Sugar alcohols have a low glycemic index. They do not cause changes in blood glucose or insulin in humans, and animal studies indicate that xylitol reduces body weight, blood glucose, and serum lipids, and increases glucose tolerance. Some studies show that sugar alcohols also have a prebiotic effect, positively influencing gut flora.
An advantage specific to xylitol is its ability to improve dental health and prevent tooth decay. In addition, some studies indicate it might be helpful in preventing age-related decline in bone and skin health and in treating or preventing osteoporosis.
The main disadvantage of sugar alcohols is that they can cause digestive distress. Similarly to other forms of indigestible carbohydrate (fiber and resistant starch), they can initially cause diarrhea, gas and bloating, so it’s best to start slowly and experiment to find your own tolerance level. If you suffer from Irritable Bowl Syndrome, sugar alcohols are probably not for you. Another drawback of xylitol is that it’s very toxic to some pets.
Xylitol has about half the calories of sugar, and about the same level of sweetness.

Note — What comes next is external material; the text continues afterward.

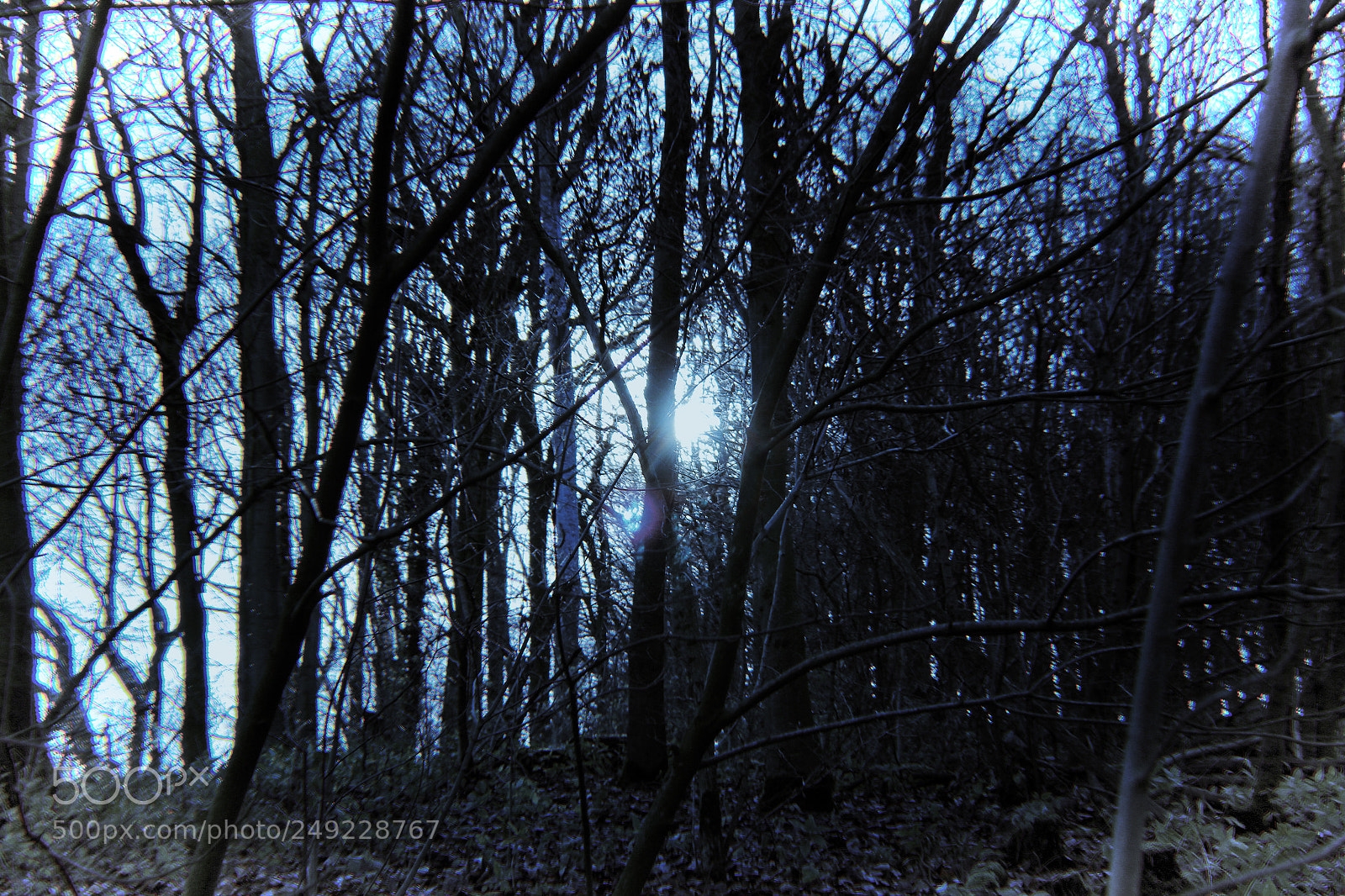 Canon EOS 700D (EOS Rebel T5i / EOS Kiss X7i) sample photo. Ancient woods photography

It has minimal effect on blood glucose and does not affect insulin levels. It looks like sugar, tastes like sugar and acts like sugar in cooking and baking. It has no aftertaste, just a pleasant sweetness. While I still believe that honey is a much more natural choice, it does significantly raise my blood sugar levels, so I’ve been switching to sugar alcohols.
How do I calculate carbs from sugar alcohols? 50% of xylitol is absorbed, and a teaspoon contains 4 grams of carbs, so theoretically when calculating carbs in recipes that contain xylitol, each teaspoon should provide 2 grams net carbs. However, research shows that in most people xylitol does not raise blood sugar or insulin levels, so in my recipes I calculate xylitol az zero grams carbs.
As for erythritol, it has 70% the sweetness of sugar, less than 1 calorie per teaspoon, no effect on blood sugar or insulin levels, and no unpleasant digestive side effects when consumed in reasonable amounts. I’ve been using it more and more recently in baked goods and desserts, because one of us can’t really handle xylitol, but has no issues with erythritol. I generally use is as I would use sugar or xylitol, adding 25% more to the recipe, so 1 cup of sugar would be 1 1/4 cups of erythritol.
Is xylitol safe? It’s not as safe or as natural as honey, but for those of us who can’t handle honey in terms of blood sugar, I believe xylitol and erythritol are good, safe alternatives, and that’s why I use them in my recipes.